I am working on optimizing a Single Producer Single Consumer (SPSC) queue in C++. The following is the miniman reproducible example for my implementation:
#include <atomic>
#include <cstddef>
#include <iostream>
#include <thread>
struct Queue {
alignas(64) std::atomic<size_t> write_index; // Align to cache line size
alignas(64) std::atomic<size_t> read_index; // Align to cache line size
int* data;
size_t capacity;
Queue(size_t cap) : write_index(0), read_index(0), capacity(cap + 1) {
data = new int[capacity];
}
~Queue() {
delete[] data;
}
bool push(int val) {
size_t write_index_local = write_index.load(std::memory_order_relaxed);
size_t next_write_index = (write_index_local + 1) % capacity;
if (next_write_index == read_index.load(std::memory_order_acquire)) {
// Queue is full
return false;
}
data[write_index_local] = val;
write_index.store(next_write_index, std::memory_order_release);
return true;
}
bool pop(int& val) {
const size_t write_index_local = write_index.load(std::memory_order_acquire);
const size_t read_index_local = read_index.load(std::memory_order_relaxed);
if (read_index_local == write_index_local) {
// Queue is empty
return false;
}
val = data[read_index_local];
size_t next_read_index = (read_index_local + 1) % capacity;
read_index.store(next_read_index, std::memory_order_release);
return true;
}
};
void producer(Queue& queue) {
for (int i = 0; i < 20; ++i) {
while (!queue.push(i)) {
// Busy-wait until there is space in the queue
}
std::cout << "Pushed: " << i << std::endl;
}
}
void consumer(Queue& queue) {
for (int i = 0; i < 20; ++i) {
int val;
while (!queue.pop(val)) {
// Busy-wait until there is an item to pop
}
std::cout << "Popped: " << val << std::endl;
}
}
int main() {
Queue queue(10); // Create a queue with capacity 10 (internally 11)
std::thread producer_thread(producer, std::ref(queue));
std::thread consumer_thread(consumer, std::ref(queue));
producer_thread.join();
consumer_thread.join();
return 0;
}
I'm observing two cache misses in pop function:
When fetching the write_index.

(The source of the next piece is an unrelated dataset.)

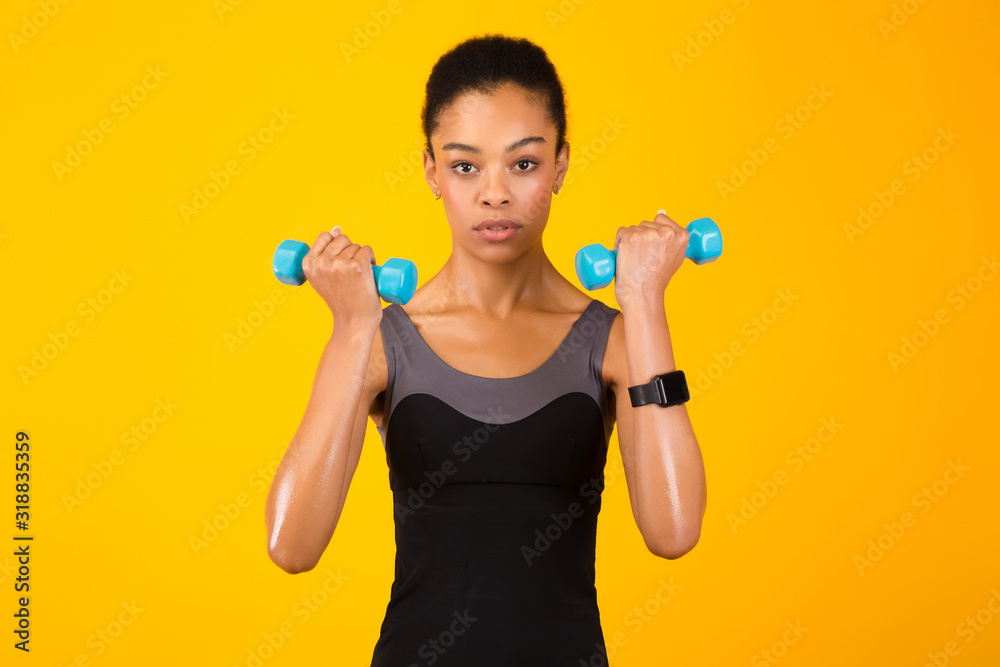 Black Girl Doing Dumbbell Bicep Curls Pumping Muscles, Yellow Background Black Girl Doing Dumbbell Bicep Curls Pumping Muscles, Yellow Background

When fetching the data at read_index. I want to optimize this to reduce the number of cache misses. Whenever write_index is changed, pop function has to fetch both write_index and the data. Ideally, I would like to fetch both the write_index and the data at the same time, to avoid cache miss while fetching data.
I thought about using prefetching techniques, but I'm not sure about the best approach for this scenario.
Is it possible to fetch both write_index and data at read_index together? Are there any specific data layout strategies or memory order considerations that can help in minimizing cache misses in this context?
data[read_index_local]
is going to be in cache if you're repeatedly callingpop
, why do you think that's not the case? Have you ran benchmarks?